Caption-style text data:

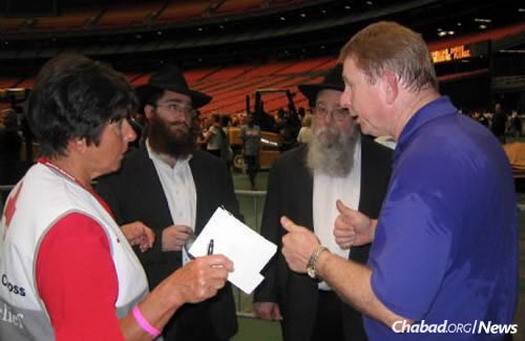 Rabbi Mendel Rivkin, left, and Rabbi Zelig Rivkin, shown 10 years ago in Houston's Astrodome consulting with authorities on identifying Jews who were stranded as a result of Hurricane Katrina.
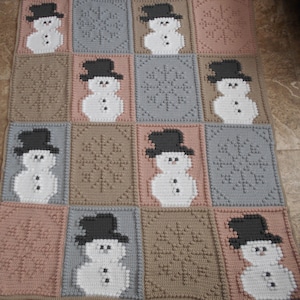 Puede incluir: Una manta de ganchillo con un patrón repetido de muñecos de nieve y copos de nieve. La manta está hecha en tonos de marrón, gris y rosa.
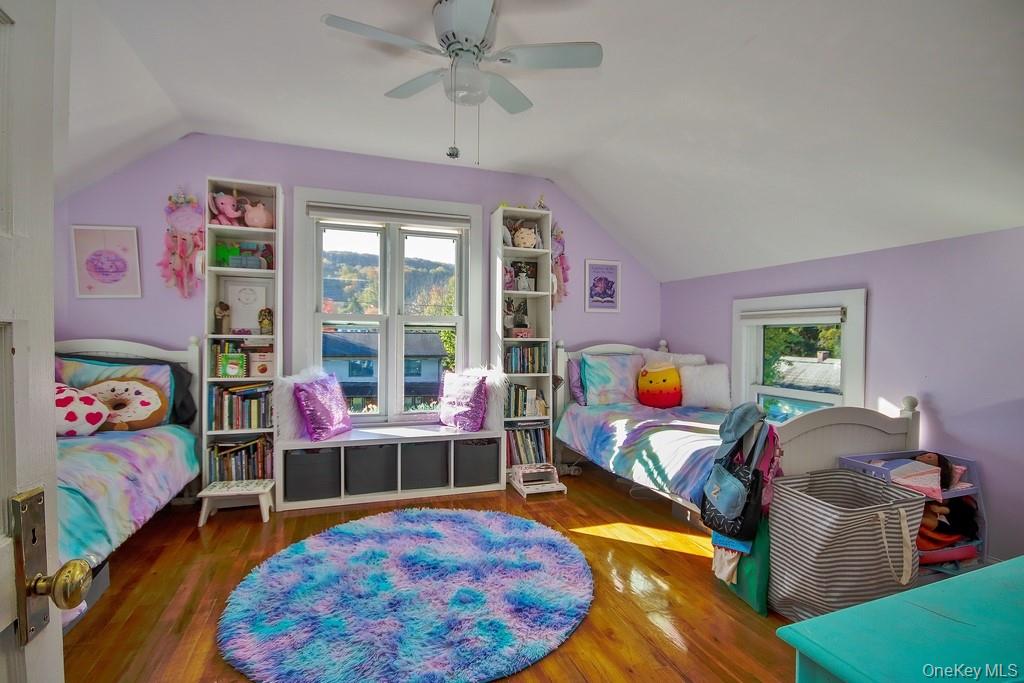 22 High Street Garnerville, NY 10923 - Photo 24 of 49 a bed room with furniture and a wooden floor
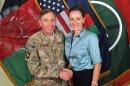 FILE - This July 13, 2011, photo made available on the International Security Assistance Force's Flickr website shows the former Commander of International Security Assistance Force and U.S. Forces-Afghanistan Gen. Davis Petraeus, left, shaking hands with Paula Broadwell, co-author of his biography "All In: The Education of General David Petraeus." The affair between retired Army Gen. David Patraeus and author Paula Broadwell is but an extreme example of the love/hate history between biographers and their subjects. (AP Photo/ISAF, file)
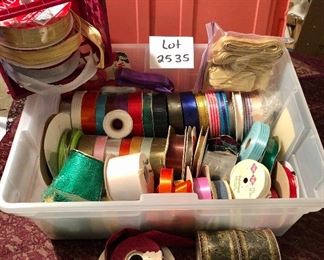 Lot #2535. $28.00. Plastic container full of various ribbons. Great for gift wrapping, crafts, or other projects. Some of these rolls were quite expensive; yours for a fraction of what was originally paid.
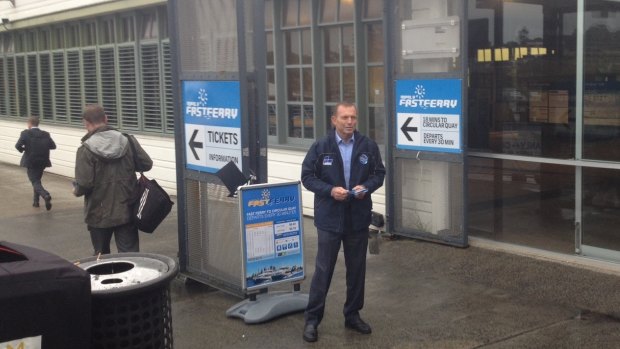 Stiff competition: Former prime minister Tony Abbott chasing the commuter vote at Manly wharf.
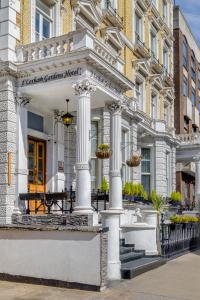 a white building with columns on a street at 1 Lexham Gardens Hotel in London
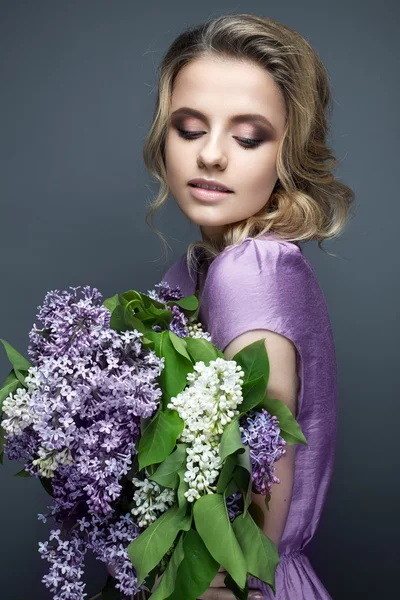 Beautiful girl in a purple dress and a bouquet of lilacs. The model is in an image of spring.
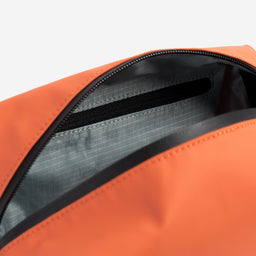 Recycled Plastic Wash Bag in Ember Orange close up open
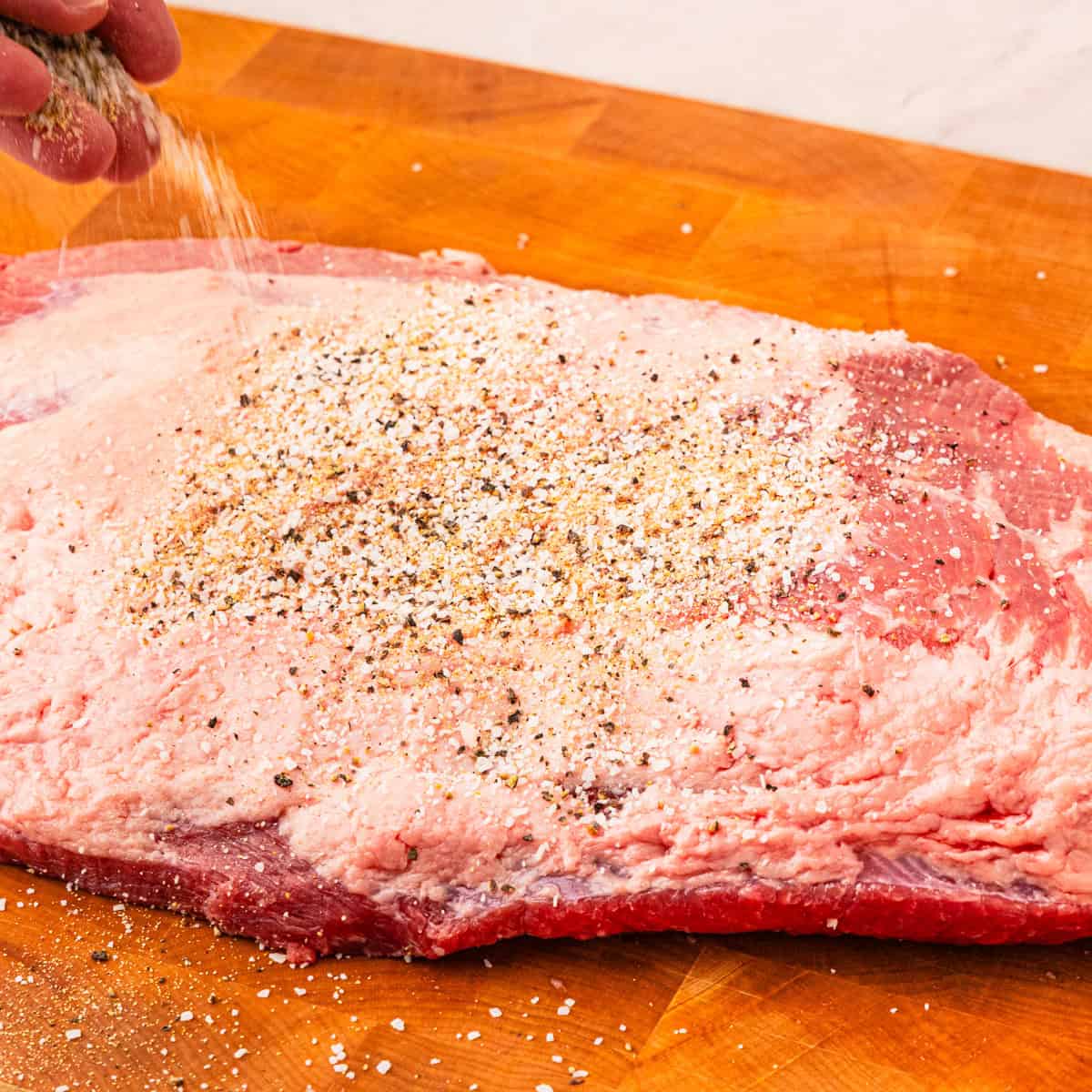 Seasoning a brisket with Texas rub.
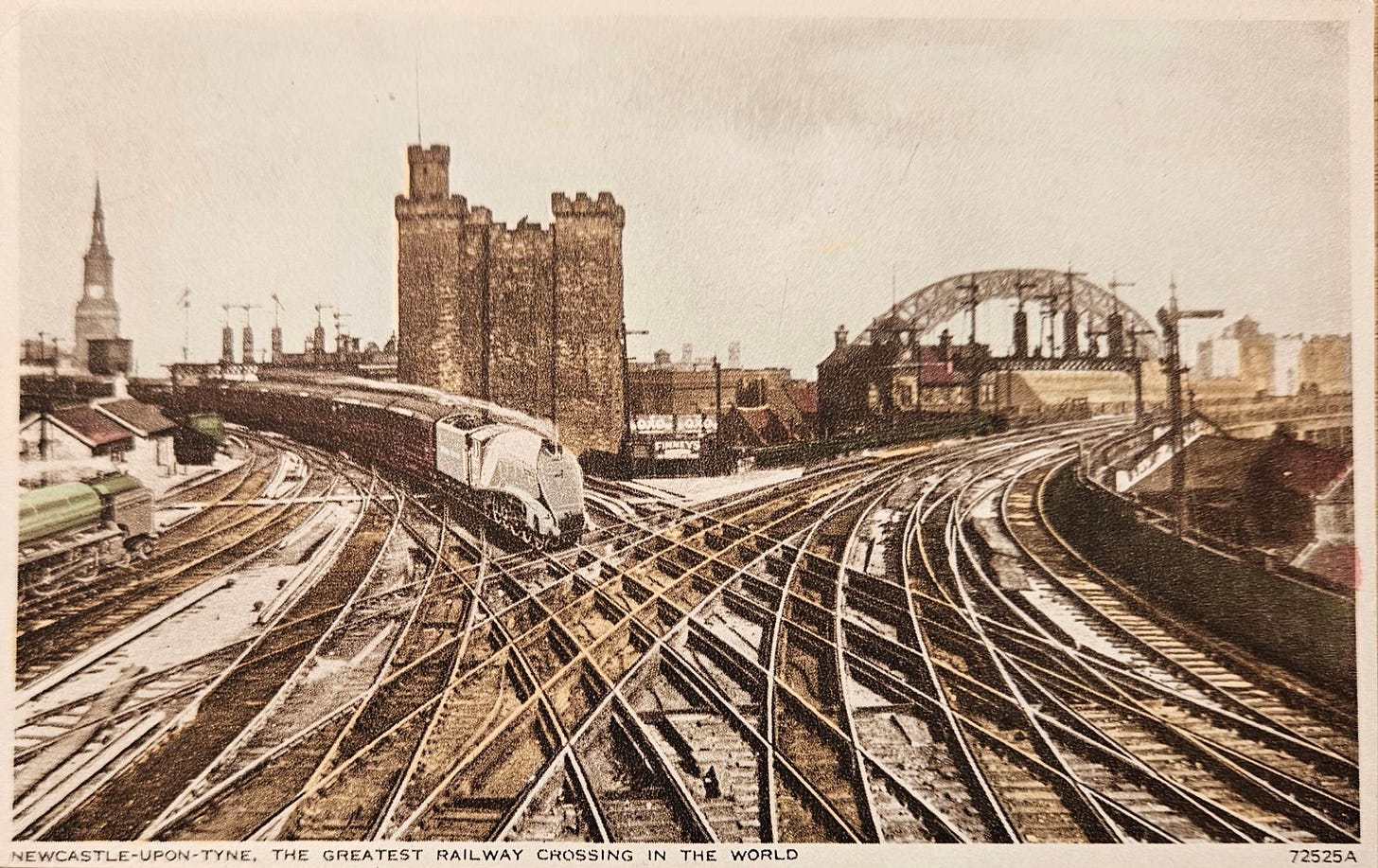 Historic view of Newcastle-upon-Tyne railway crossing, featuring multiple train tracks and the iconic Tyne Bridge in the background.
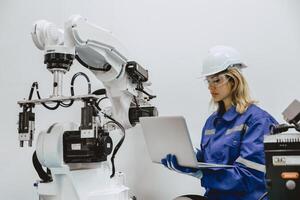 Engineer program robot machine in advance technology robotic factory industry, Service maintenance robot arm software photo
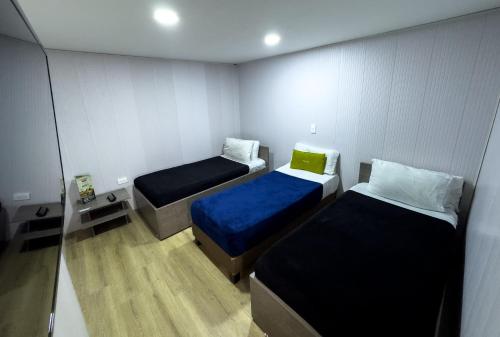 Postel nebo postele na pokoji v ubytování Hotel Feria Imperial Embajada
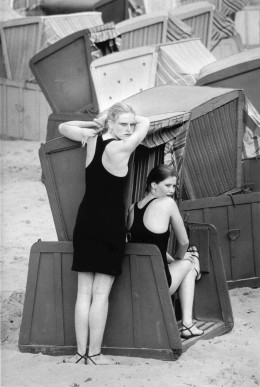 Sibylle Bergemann DDR Fotografie Marisa und Liane auf Rügen 1981, schwarz-weiß Fotografie von zwei jungen Frauen. Eine grimmig schauend an einen Strandkorb gelehnt und die andere sitzend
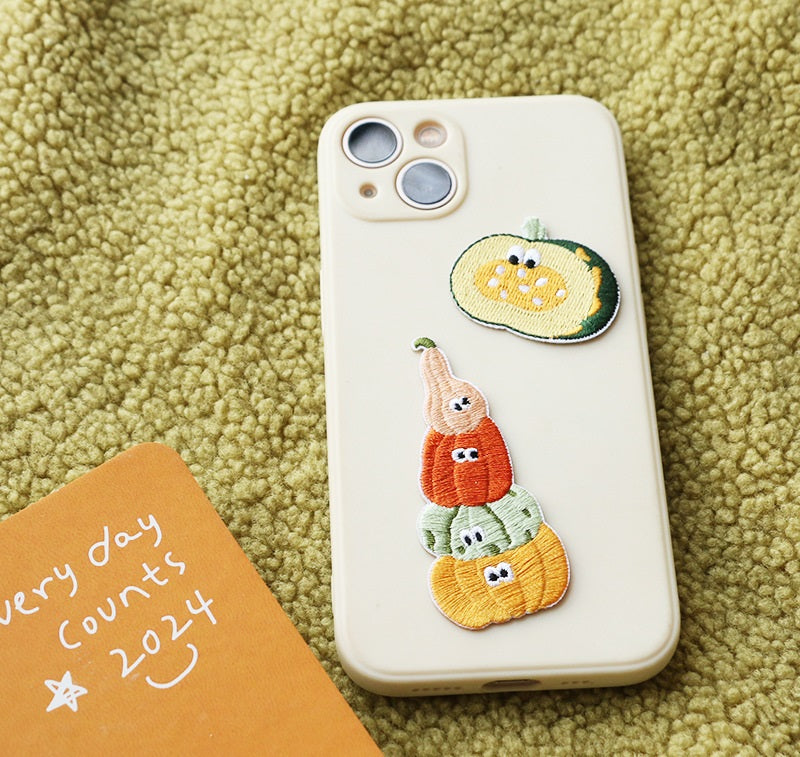 Orange and green pumpkin stack embroidered patch on a phone case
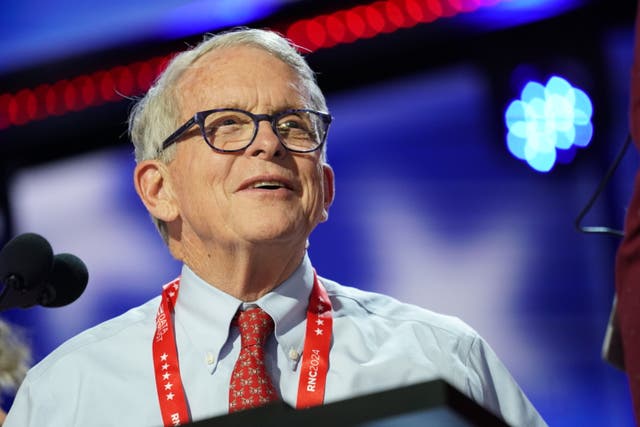 <p>Ohio governor Mike DeWine is seen onstage at the Fiserv Forum during preparations for the Republican National Convention last year in Milwaukee, Wisconsin</p>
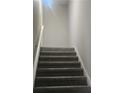 Indoor staircase with carpeted steps and handrail at 4769 Snap Creek Ln, Decatur, GA 30035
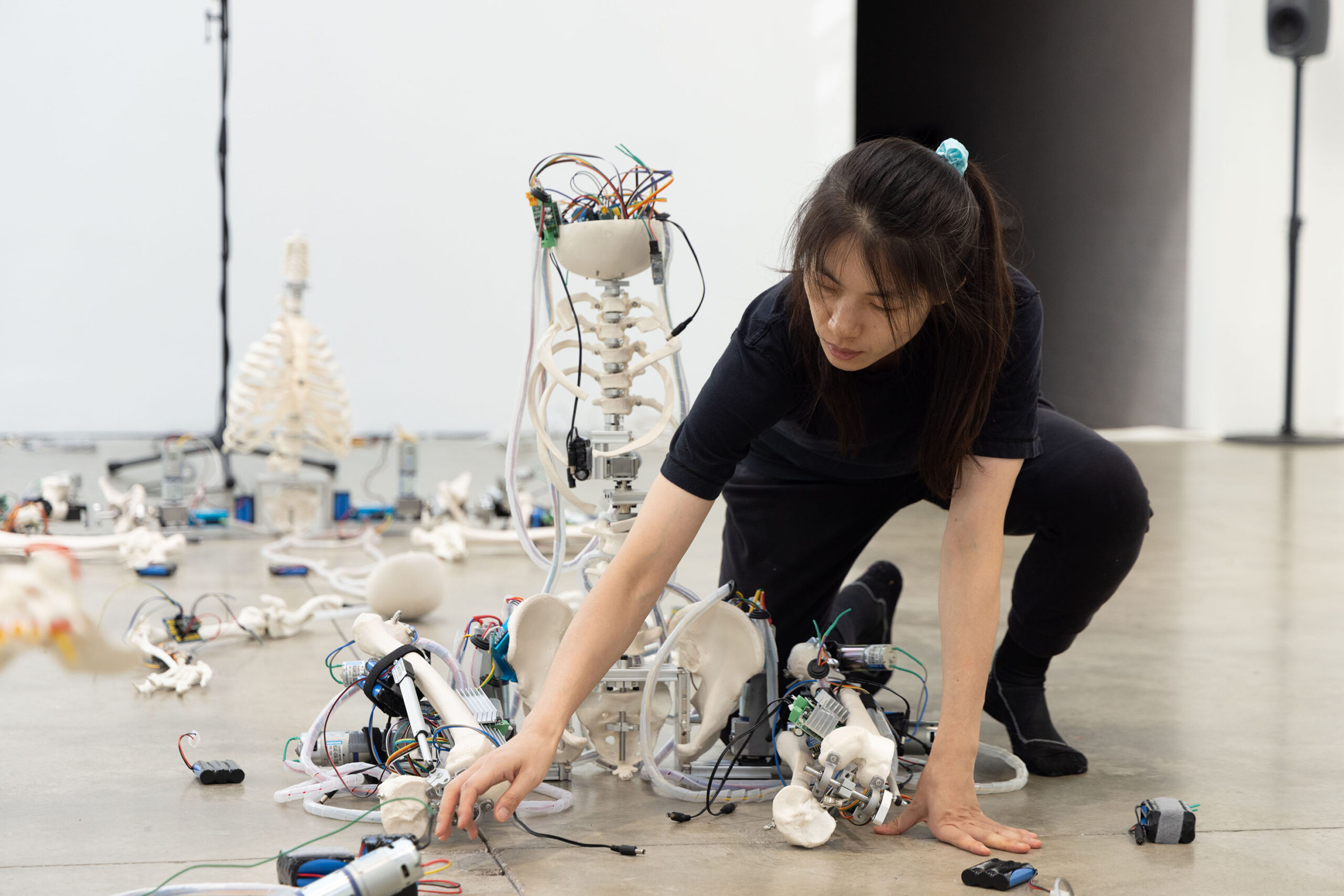 Person interacting with robotic components.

--- Exercise directions ---
Copy the records above exactly, omitting every picture.

--- Exercise solution ---
 Rabbi Mendel Rivkin, left, and Rabbi Zelig Rivkin, shown 10 years ago in Houston's Astrodome consulting with authorities on identifying Jews who were stranded as a result of Hurricane Katrina.
 Puede incluir: Una manta de ganchillo con un patrón repetido de muñecos de nieve y copos de nieve. La manta está hecha en tonos de marrón, gris y rosa.
 22 High Street Garnerville, NY 10923 - Photo 24 of 49 a bed room with furniture and a wooden floor
 FILE - This July 13, 2011, photo made available on the International Security Assistance Force's Flickr website shows the former Commander of International Security Assistance Force and U.S. Forces-Afghanistan Gen. Davis Petraeus, left, shaking hands with Paula Broadwell, co-author of his biography "All In: The Education of General David Petraeus." The affair between retired Army Gen. David Patraeus and author Paula Broadwell is but an extreme example of the love/hate history between biographers and their subjects. (AP Photo/ISAF, file)
 Lot #2535. $28.00. Plastic container full of various ribbons. Great for gift wrapping, crafts, or other projects. Some of these rolls were quite expensive; yours for a fraction of what was originally paid.
 Stiff competition: Former prime minister Tony Abbott chasing the commuter vote at Manly wharf.
 a white building with columns on a street at 1 Lexham Gardens Hotel in London
 Beautiful girl in a purple dress and a bouquet of lilacs. The model is in an image of spring.
 Recycled Plastic Wash Bag in Ember Orange close up open
 Seasoning a brisket with Texas rub.
 Historic view of Newcastle-upon-Tyne railway crossing, featuring multiple train tracks and the iconic Tyne Bridge in the background.
 Engineer program robot machine in advance technology robotic factory industry, Service maintenance robot arm software photo
 Postel nebo postele na pokoji v ubytování Hotel Feria Imperial Embajada
 Sibylle Bergemann DDR Fotografie Marisa und Liane auf Rügen 1981, schwarz-weiß Fotografie von zwei jungen Frauen. Eine grimmig schauend an einen Strandkorb gelehnt und die andere sitzend
 Orange and green pumpkin stack embroidered patch on a phone case
 <p>Ohio governor Mike DeWine is seen onstage at the Fiserv Forum during preparations for the Republican National Convention last year in Milwaukee, Wisconsin</p>
 Indoor staircase with carpeted steps and handrail at 4769 Snap Creek Ln, Decatur, GA 30035
 Person interacting with robotic components.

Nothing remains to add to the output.